Educação e orientação

  • Explicação clara ao utente e/ou cuidador sobre o nome, finalidade, dose, via e efeitos possíveis dos medicamentos;

  • Esclarecimento sobre interações com alimentos, álcool ou outros fármacos;

  • Reforço da importância do cumprimento terapêutico e das consequências do uso incorreto.


👩‍⚕️ Enquadramento profissional na enfermagem

A assistência medicamentosa é uma responsabilidade legal e ética da profissão de enfermagem, sendo essencial quando:

  • O utente não possui capacidade cognitiva, visual, motora ou funcional para gerir a própria medicação;

  • Existem múltiplos fármacos ou regimes terapêuticos complexos;

  • riscos associados a erros de administração, auto-medicação ou esquecimento;

  • O cuidador informal necessita de formação ou supervisão contínua;

  • É necessário garantir a segurança e eficácia do tratamento, sobretudo em cuidados domiciliários ou continuados.


🧠 Objetivos da intervenção de enfermagem

  • Avaliar a capacidade do utente para gerir a medicação de forma segura;

  • Assegurar a correta administração dos medicamentos prescritos;

  • Prevenir complicações decorrentes de erros ou omissões;

  • Promover a autonomia medicamentosa, sempre que possível;

  • Articular com o médico em caso de reações adversas, dúvidas ou necessidade de ajuste.

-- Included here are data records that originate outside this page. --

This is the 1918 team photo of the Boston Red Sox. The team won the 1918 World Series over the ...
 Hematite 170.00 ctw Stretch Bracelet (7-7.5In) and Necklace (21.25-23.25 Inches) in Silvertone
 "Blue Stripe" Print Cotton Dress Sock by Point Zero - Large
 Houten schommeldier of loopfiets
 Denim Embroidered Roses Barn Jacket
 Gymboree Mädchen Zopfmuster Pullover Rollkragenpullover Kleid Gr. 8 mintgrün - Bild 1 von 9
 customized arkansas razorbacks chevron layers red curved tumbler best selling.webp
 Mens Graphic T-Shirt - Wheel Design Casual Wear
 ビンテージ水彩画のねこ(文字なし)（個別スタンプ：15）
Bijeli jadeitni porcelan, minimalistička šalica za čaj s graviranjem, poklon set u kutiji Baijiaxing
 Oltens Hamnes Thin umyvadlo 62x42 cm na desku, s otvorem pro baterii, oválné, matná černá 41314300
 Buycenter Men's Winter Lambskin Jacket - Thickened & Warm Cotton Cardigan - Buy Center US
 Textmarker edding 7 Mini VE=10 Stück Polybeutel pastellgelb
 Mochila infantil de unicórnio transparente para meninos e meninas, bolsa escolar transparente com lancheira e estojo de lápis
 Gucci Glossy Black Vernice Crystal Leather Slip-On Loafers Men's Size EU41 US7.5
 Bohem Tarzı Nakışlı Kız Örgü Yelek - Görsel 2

🧩 Importância multidisciplinar

A assistência medicamentosa pode envolver:

  • Médicos, para prescrição, avaliação e reajuste terapêutico;

  • Farmacêuticos, para esclarecimento de interações, trocas terapêuticas e ajustes na formulação;

  • Assistentes sociais, quando é necessário apoio económico para aquisição dos medicamentos;

  • Cuidadores formais ou informais, que participam ativamente na administração ou supervisão da toma.


📌 Exemplo prático

Num utente idoso com demência e polimedicação:

  • O enfermeiro organiza a medicação semanal num sistema de caixas diárias;

  • Administra a terapêutica crítica (anticoagulantes, insulina) e supervisiona a restante;

  • Identifica sinais de hipotensão que podem estar associados a duplicação de toma;

  • Contacta o médico para revisão terapêutica e orienta o cuidador sobre como evitar erros;

  • Educa sobre a importância de não interromper a terapêutica sem indicação médica.